Many years back during my residency training, on my first overnight as the senior admitting resident, I got a call from an emergency physician at a tiny rural hospital. Her patient had pulmonary emboli -- blood clots to arteries of the lungs. She proposed to transfer the patient to our hospital, where closer monitoring would be available.
When the patient arrived I hurried to the her bedside, for pulmonary emboli kill as many as 100,000 people each year in the United States.
She asked if she might die. It occurred to me that she might. But I sought to reassure her, explaining that she was not only stabilizing but already receiving treatment.
As I gestured to the "treatment" she was getting, I looked at the bag of heparin hanging at her bedside. I was thinking that I should recheck the rate of the drip, to make sure the emergency physician had chosen the correct dose of the anticoagulant.
But there was no pump attached to the IV. In fact the bag of heparin was empty. With horror I recognized a life-threatening medical error.
A bag of intravenous heparin had been hung earlier, at the rural hospital, before the patient's transfer. The doctor who ordered the heparin meant for the contents to infuse slowly, by a pump to control the drip rate, over about 28 hours. Instead the entire bag had been infused into the patient all at once, by gravity, over a few minutes.
The ambulance crew had transported the patient with an IV pump. At the first hospital, to avoid the need to return, the ambulance crew had substituted a pump that belonged to their company. When they got to us, they simply unhooked their pump and took it with them, without taking time for our nurses to switch to a different pump.

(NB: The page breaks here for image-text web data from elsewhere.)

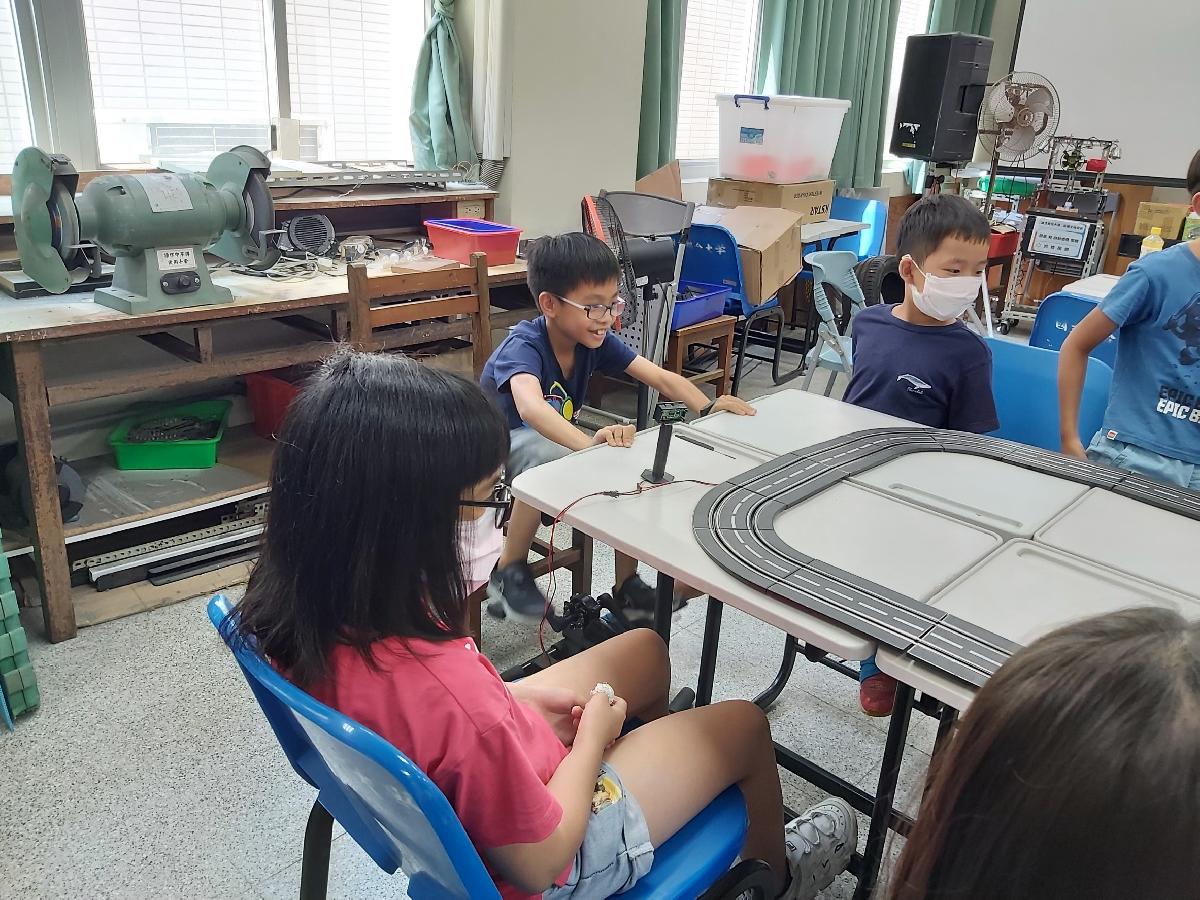 109_17.8.25聯大科學營_200826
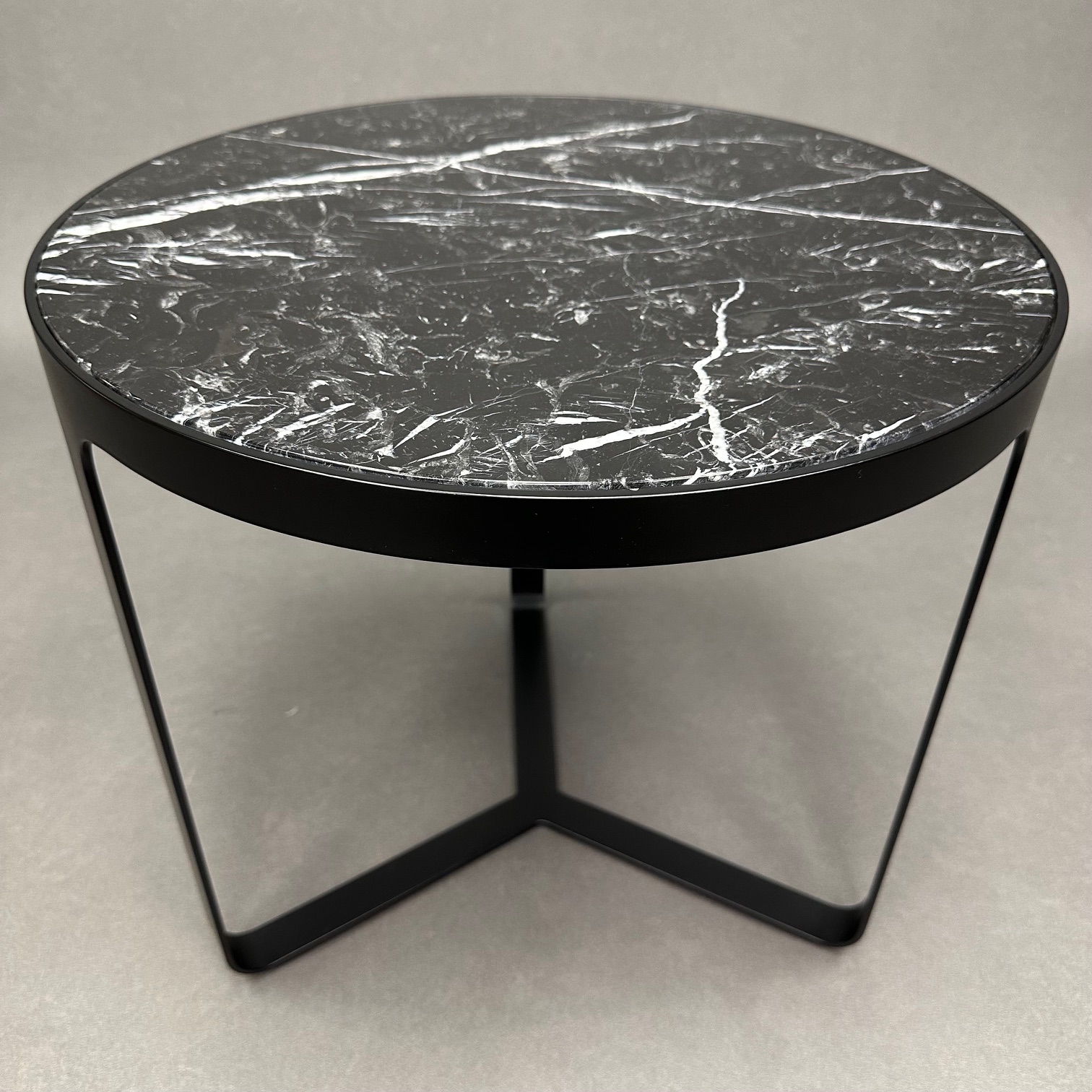 lot de 2 Tables basses Cage Gordon Guillaumier Tacchini lot de 2 Tables basses Cage Gordon Guillaumier Tacchini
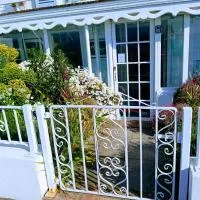 Beachfront Studio Apartment, hotel v destinaci Felixstowe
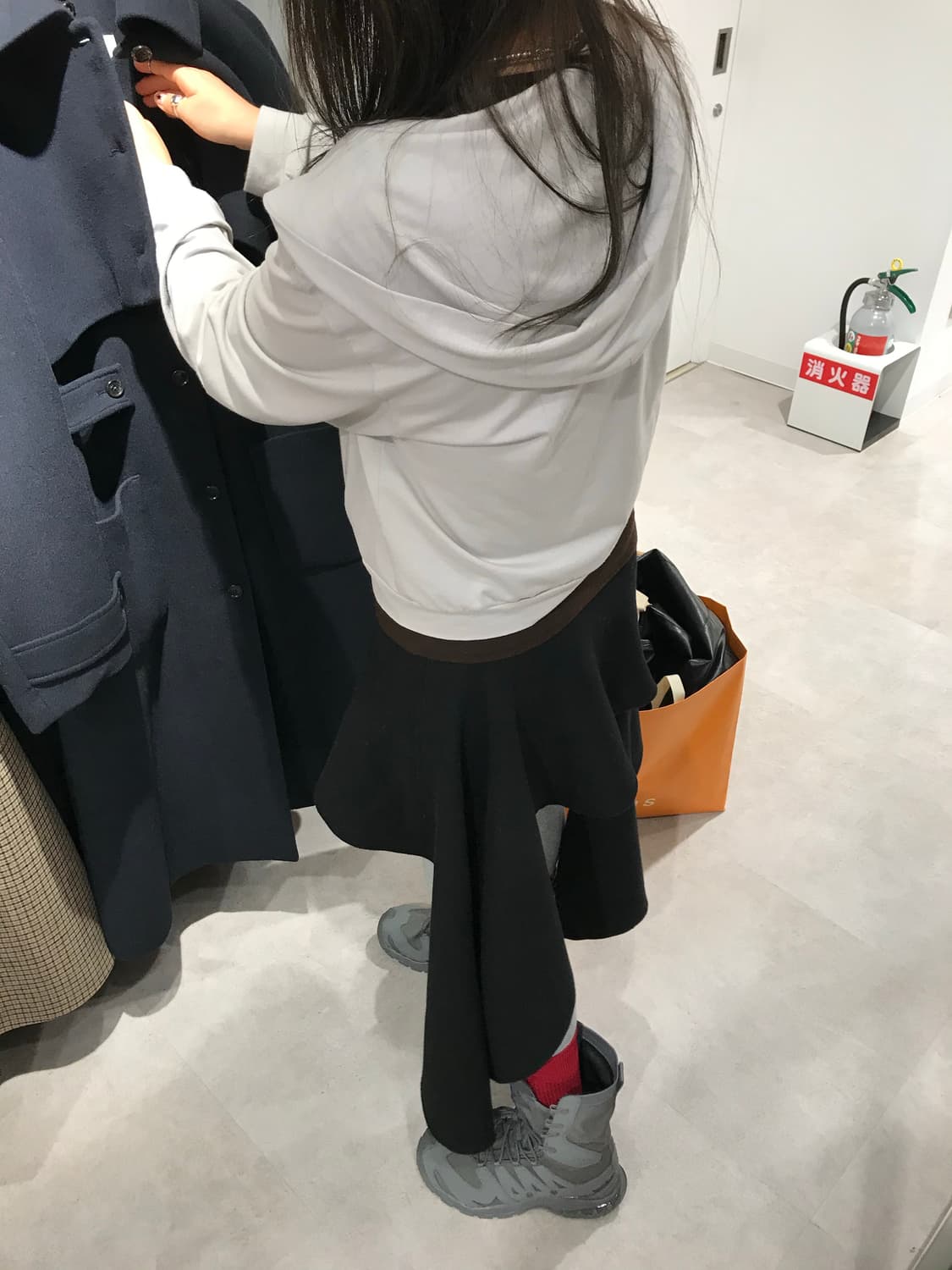 cos 더블페이스 애시메트릭 스커트 상품이미지1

Our patient who had just suffered blood clots to the lungs suddenly faced a profound risk of bleeding. I asked the patient not to get out of bed, to eliminate her risk of falling, and informed her nurses.

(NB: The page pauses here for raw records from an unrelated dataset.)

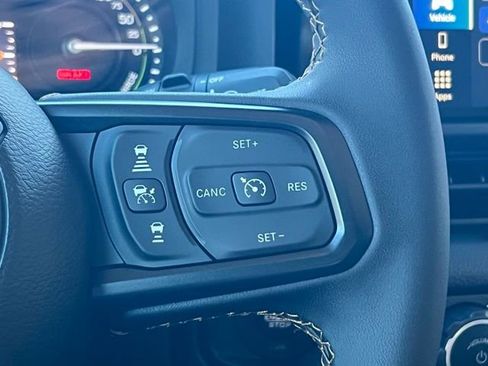 Used 2024 Jeep Wrangler Unlimited image 24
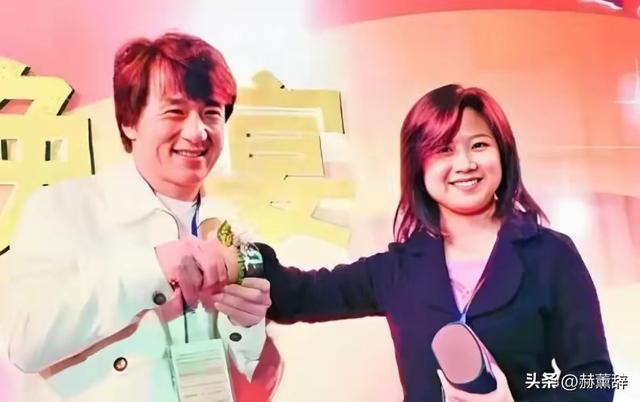 官媒对成龙的称呼变了，三字之差释放强烈信号，王晶的话有人信了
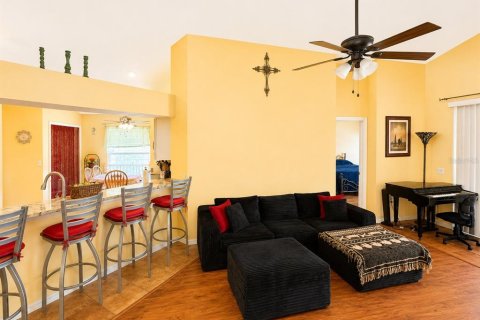 House in New Port Richey, Florida 4 bedrooms, 166.85 sq.m. № 2238351 - photo 10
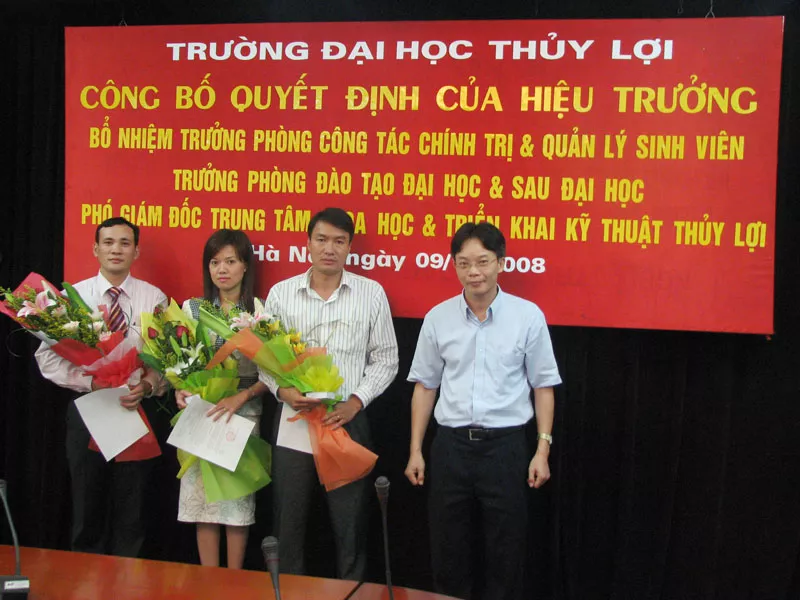 Công bố Quyết định bổ nhiệm Trưởng P3, P7, Phó Giám đốc TTKH và TKKTTL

I then rushed to order the antidote, a medication called protamine.
That we might need it some day had been drilled into us as medical students but I had never seen it used. Quickly I phoned the pharmacist for help. The pharmacist that night was just like me, recently out of school. Just like me, it was her first overnight and she too had never seen protamine used.
Awed, if not frightened, by the responsibility we shared, we independently calculated the dose of the antidote (protamine) and then took a minute to compare our results. Too much and the patient would be back at a risk of more blood clots. Too little and she would remain at a risk of bleeding. The pharmacist quickly delivered the protamine and the nurses immediately gave it. (And we notified our supervisors of the situation.)

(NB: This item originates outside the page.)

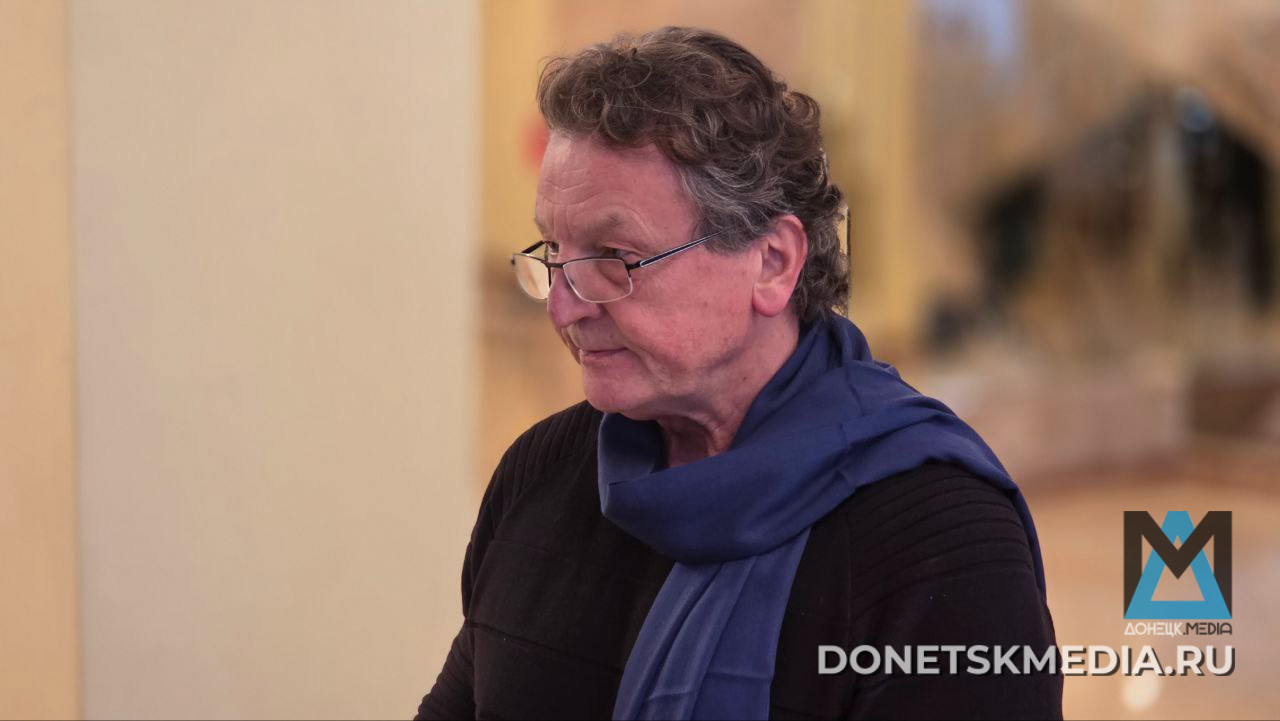 Стремление к свету: в Луганской филармонии завершился фестиваль «Светозвоны»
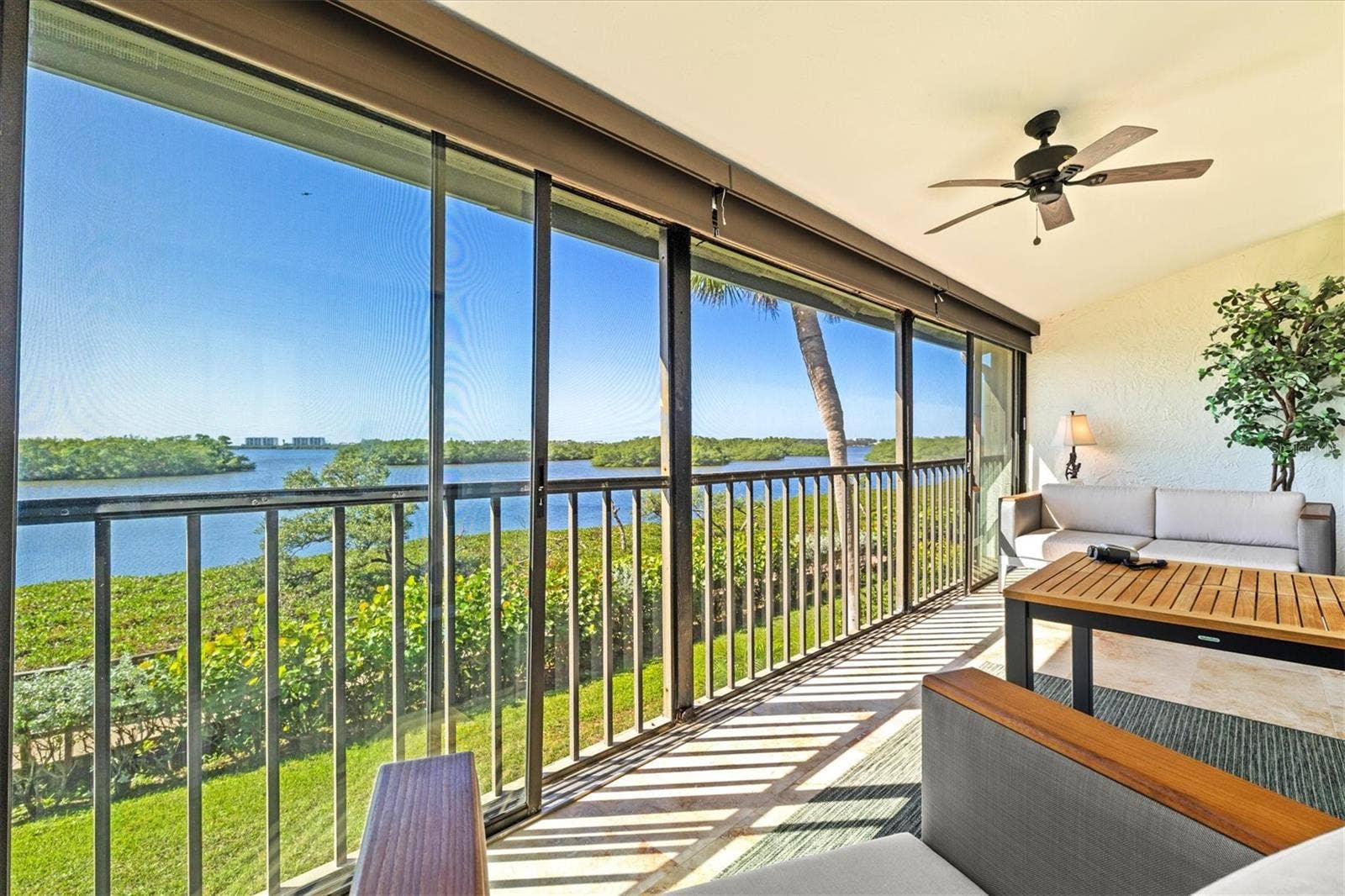 1518 PELICAN POINT DRIVE, #257, Sarasota, FL 34231 1518 PELICAN POINT DRIVE, #257, Sarasota, FL 34231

By morning we learned that we had chosen just the right dose. The patient remained stable -- and also therapeutically anti-coagulated, without risk of further clotting. And remembering that night ... so many lessons learned!
But I'd focus for a minute on the question of the medical error as well as how thinking about it shaped my consciousness. Events like this "near miss" deserve careful review. As one of the world's experts in health care quality, Dr. Gordy Schiff points out, these experiences should be treated like treasure. Careful study of a problem can allow us to unearth its roots, and in turn build systems that will save lives.
The ambulance crew members were good people with a sincere desire to serve the community. Of course they swore never to make the same mistake again. Yet fixing blame will not, ultimately, fix errors. When we discussed a team-building system fix the Director of Nursing pointed out that in a fundamental way, the ambulance crew was not quite part of our team.
The ambulance was run by for a for-profit company with a corporate headquarters thousands of miles away. Naturally the goal of the company was to get the crew to transport as many patients as possible across our landscape. That night, I later learned, they were racing off to another patient waiting at another rural hospital. The paramedics were amid a "speed-up" like... well, like just about everybody else in our country.
These days just about any aspect of health care delivery can be subcontracted out or made into a business. Local health care businesses are increasingly joined by the tendrils of international conglomerates. In fact the corporation that owned the rural ambulance in this essay was recently bought by a global private equity firm.
But a local ambulance crew should serve the needs of the local community, not private equity investors.
For the sake of patient safety we should work to remove profiteering from the care of the sick. A public single payer system would a giant step in the right direction. Most of all it would be the beginning of a system in which health priorities were set by the people, by patients and their caregivers, something every modern democracy should have.
Dr. Andrew Coates practices internal medicine in upstate New York. He is President of Physicians for a National Health Program.